Esasen, herhangi bir şeye sövüp saymak, seviyeli bir insana yakışmaz. İnsan kendisini kontrol etmelidir. Bir şeye kızıp öfkelenebilir, ama soğukkanlılığını korumasını bilmeli, edep ve terbiyesini muhafaza etmelidir. insan bütün halinde sövüp saymak gibi aşağılık davranışlardan uzak durmalı, her tavrı ile efendiliğini korumalıdır. Sövüp saymalar bazen büyük kavgalara ve cinayetlere yol açabilir. Dolayısıyla temiz olan ağzımıza, o pis lafları layık görmeleyim, ağzımızı temiz tutalım.

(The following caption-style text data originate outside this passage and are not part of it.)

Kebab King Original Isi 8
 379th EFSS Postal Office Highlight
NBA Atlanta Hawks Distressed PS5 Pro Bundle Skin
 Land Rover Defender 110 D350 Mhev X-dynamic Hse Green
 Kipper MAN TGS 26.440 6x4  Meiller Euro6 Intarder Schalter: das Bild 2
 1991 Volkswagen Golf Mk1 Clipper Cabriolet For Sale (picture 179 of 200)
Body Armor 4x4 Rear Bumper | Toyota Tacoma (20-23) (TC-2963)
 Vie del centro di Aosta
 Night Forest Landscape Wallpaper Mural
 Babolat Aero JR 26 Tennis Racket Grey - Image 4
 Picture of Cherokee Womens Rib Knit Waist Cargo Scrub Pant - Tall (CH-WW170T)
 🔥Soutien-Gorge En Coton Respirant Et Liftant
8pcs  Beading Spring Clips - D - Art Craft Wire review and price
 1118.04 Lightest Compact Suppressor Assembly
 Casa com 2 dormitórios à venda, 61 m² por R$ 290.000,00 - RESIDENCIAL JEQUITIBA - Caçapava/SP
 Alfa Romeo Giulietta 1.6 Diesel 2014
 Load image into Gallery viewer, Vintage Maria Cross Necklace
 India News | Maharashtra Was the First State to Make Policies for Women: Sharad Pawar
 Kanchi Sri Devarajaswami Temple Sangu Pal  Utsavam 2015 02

Bir insan cennete nasıl gidebilir?

Hiç kimse cenneti sadece kendi emeği ile kazanamaz, mutlaka ilahi lütuf ve rahmete nail olması gerekir. Bir başka ifade ile cennet o kadar büyük bir nimettir ki, onu elde etmek için bizim amelimiz ve ibadetimiz yeterli gelmez. Mutlaka Allah'ın af, rahmet ve lütfunun ihsan edilmesi gerekir. Daha açıkçası, kimse ben cenneti bileğimin gücü ile kazandım diyemez. Çünkü insanlar hata da yapar, günah da işler, sevap ve güzel işler de yapar...

Peki Allah'ın bu rahmetini nasıl elde ederiz? diye bir soru yöneltilebilir?

Bu soruya şöyle cevap verebiliriz: Öncelikle İslam'ın gerektirdiği doğru bir imana sahip olmak. İkinci olarak elinden geldiği kadar dini vecibelerini yerine getirmek, üçüncü olarak, kendisine, ailesine ve milletine karşı vazifelerini yapmak, bilgi edinmek, çalışmak, namuslu ve dürüst bir insan olmak, insanlara zulüm etmemek, başkalarının hakkını yememek, bütün bunlar aynı zamanda dini vecibelerdir.

Bütün bunları elinden geldiği kadar yaparken, bir taraftan da yüce Allah'ın rahmet ve affına sığınmak gerekir.

Yüce Tanrı biz kullarını çok sevdiği için, bir iyiliğe karşı on misli sevap vereceğini, ama, bir kötülüğe karşılık bir misli günah yazacağı bildirmektedir (Enam Suresi: 160). İşte bu Allah'ın lütfudur. Önemli olan iyi niyetle elden geldiği kadar, stres ve sıkıntıya girmeden hayırlı işlere devam etmektir. Yüce Allah insanların şekil ve dış görünüşlerinden ve davranışlarından çok kalplerine bakar. Kalbimiz iyilik, sevgi ve şefkatle dolu olsun, elimizden geldiği kadar da dini ve dünyevi görevlerimizi yapalım. O zaman ilahi rahmet de tecelli edecektir inşallah...

"Cehenneme dini yalanlayan ve en şakıy yani eşkıya davranışlı kimseler gider." (Leyl Suresi: 15

İnsan Allah'ın azabından korkmalı, rahmetinden ve affından umutlu olmalıdır. Ancak umudumuz çok yüksek bulunmalıdır.